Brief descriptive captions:
Start of Block

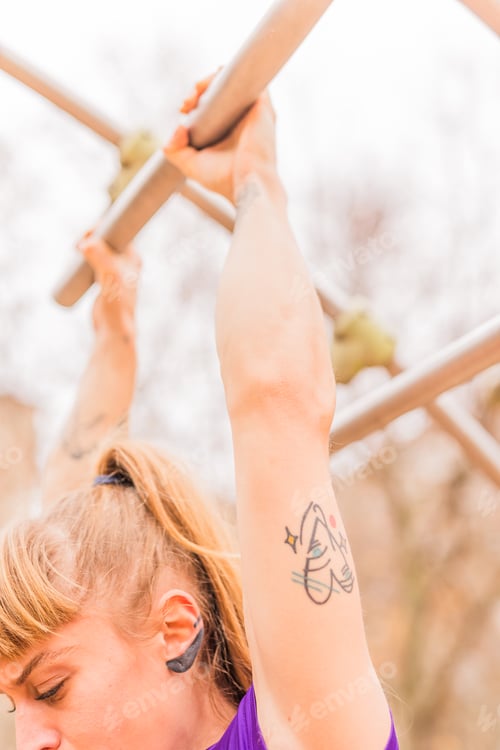 Preview: Calisthenics pull- up back exercise for cross fitness workout. Hispanic mid sportswoman athletic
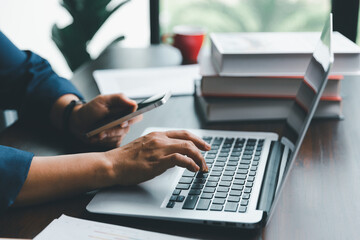 A young female of banking manger using calculator, computer laptop, paper worksheet to analyze data information. She is a professional financial of banking and calculating payment of currency exchange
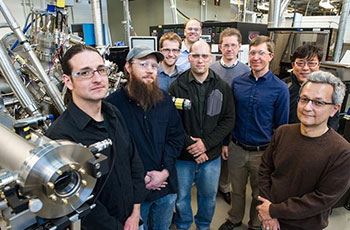 Photo of a group of men standing in a laboratory setting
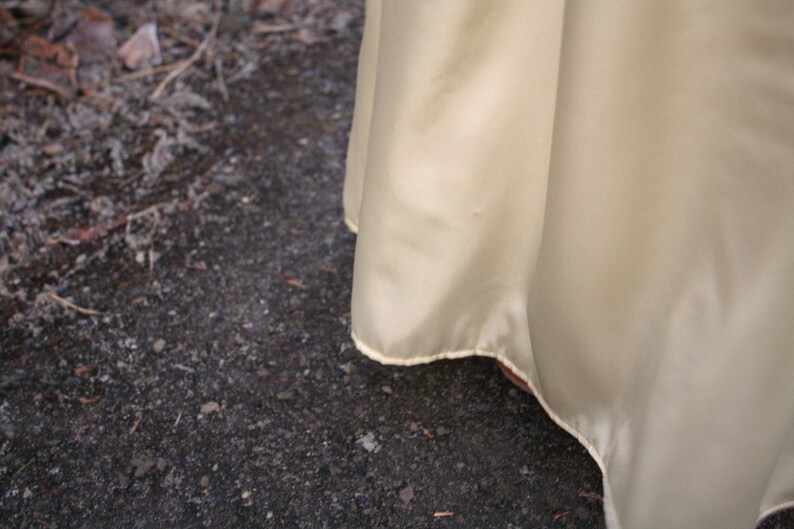 Peut inclure: Gros plan sur un tissu jaune p&acirc;le et fluide avec un l&eacute;ger &eacute;clat. Le bord du tissu est visible, avec une d&eacute;licate bordure de couleur claire. Le tissu est drap&eacute; en douceur, sugg&eacute;rant un v&ecirc;tement ou un textile.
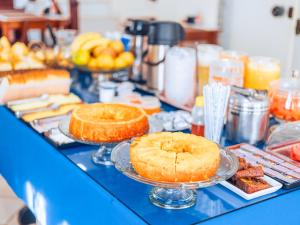 un buffet con pasteles y otros alimentos en una mesa azul en VELINN Pousada Mirante da Praia Grande, en Ilhabela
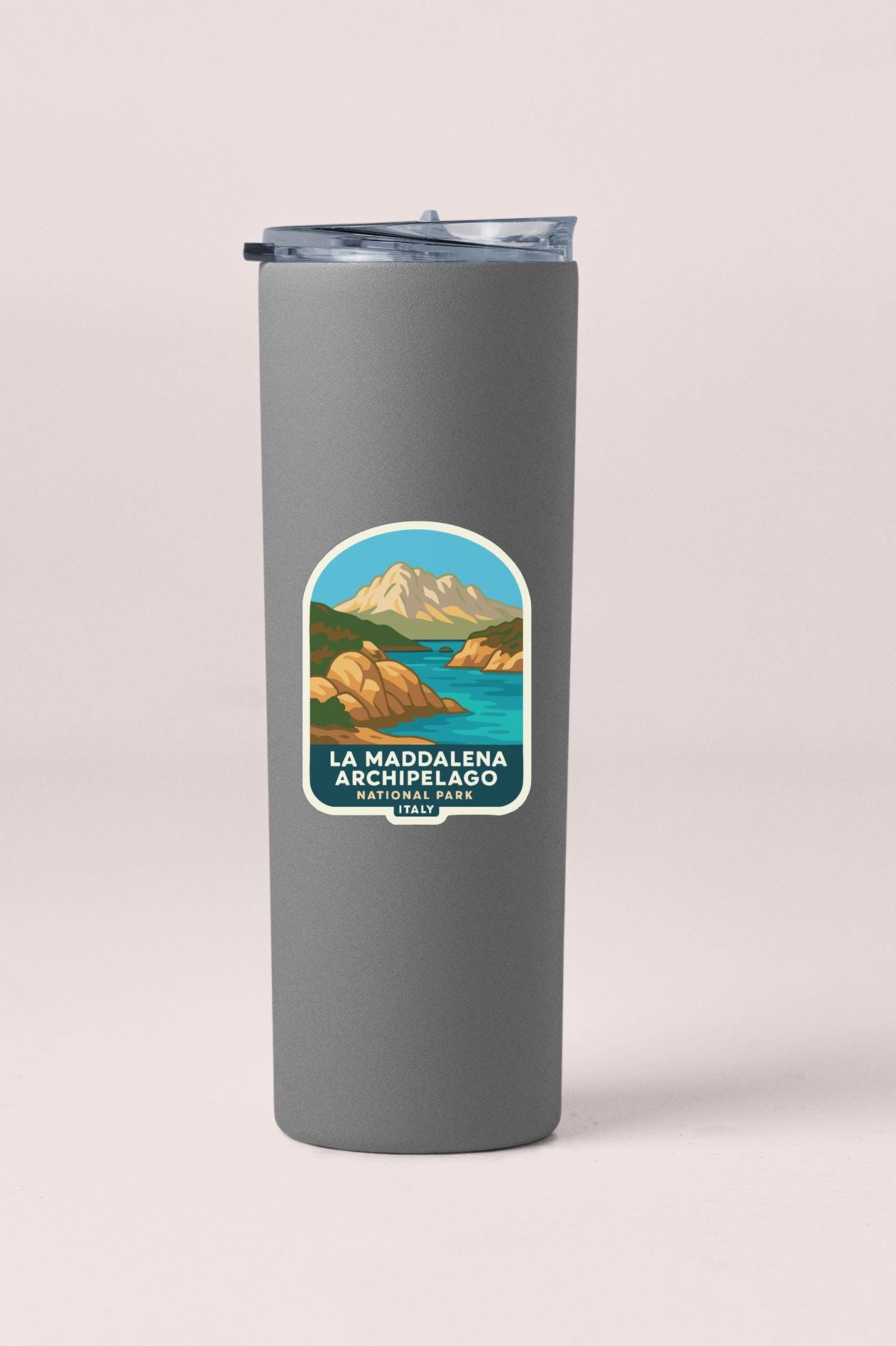 A gray cylindrical container with a label that features an illustration of a mountain landscape and the text "LA MADALENA ARCHIPELAGO NATIONAL PARK ITALY".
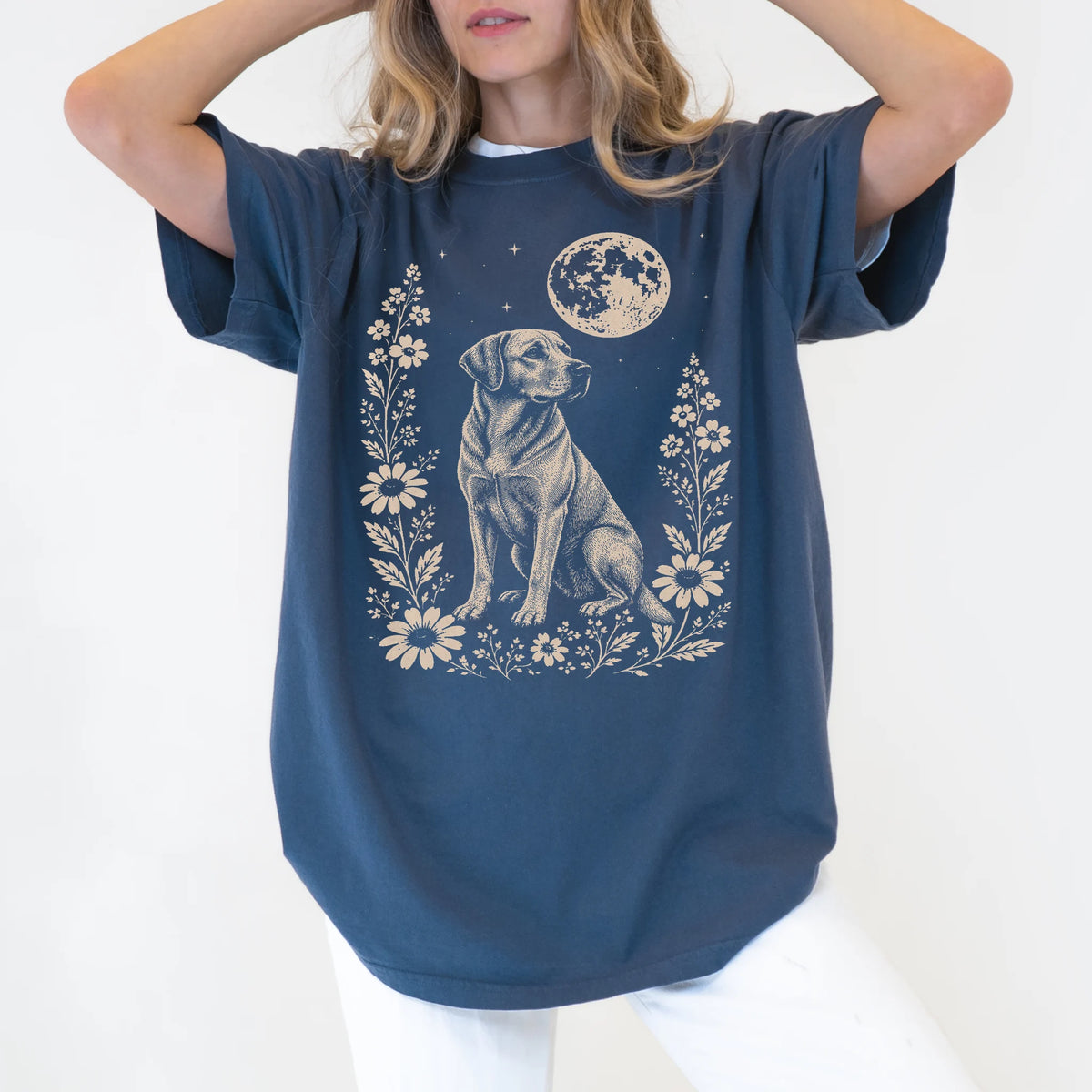 Model wearing a Denim Comfort Colors® T-shirt featuring Labrador Retriever framed by flowers beneath the moon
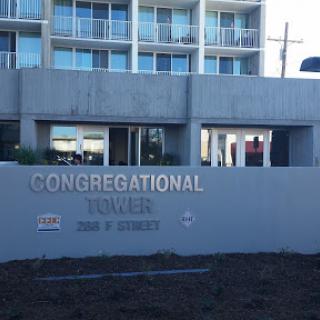 A view of Congregational Tower with a clear sign indicating its name.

End of Block

**ASSIGNED TASK**
All records above should be duplicated exactly, with the pictures omitted.

**RESPONSE**
 Preview: Calisthenics pull- up back exercise for cross fitness workout. Hispanic mid sportswoman athletic
 A young female of banking manger using calculator, computer laptop, paper worksheet to analyze data information. She is a professional financial of banking and calculating payment of currency exchange
 Photo of a group of men standing in a laboratory setting
 Peut inclure: Gros plan sur un tissu jaune p&acirc;le et fluide avec un l&eacute;ger &eacute;clat. Le bord du tissu est visible, avec une d&eacute;licate bordure de couleur claire. Le tissu est drap&eacute; en douceur, sugg&eacute;rant un v&ecirc;tement ou un textile.
 un buffet con pasteles y otros alimentos en una mesa azul en VELINN Pousada Mirante da Praia Grande, en Ilhabela
 A gray cylindrical container with a label that features an illustration of a mountain landscape and the text "LA MADALENA ARCHIPELAGO NATIONAL PARK ITALY".
 Model wearing a Denim Comfort Colors® T-shirt featuring Labrador Retriever framed by flowers beneath the moon
 A view of Congregational Tower with a clear sign indicating its name.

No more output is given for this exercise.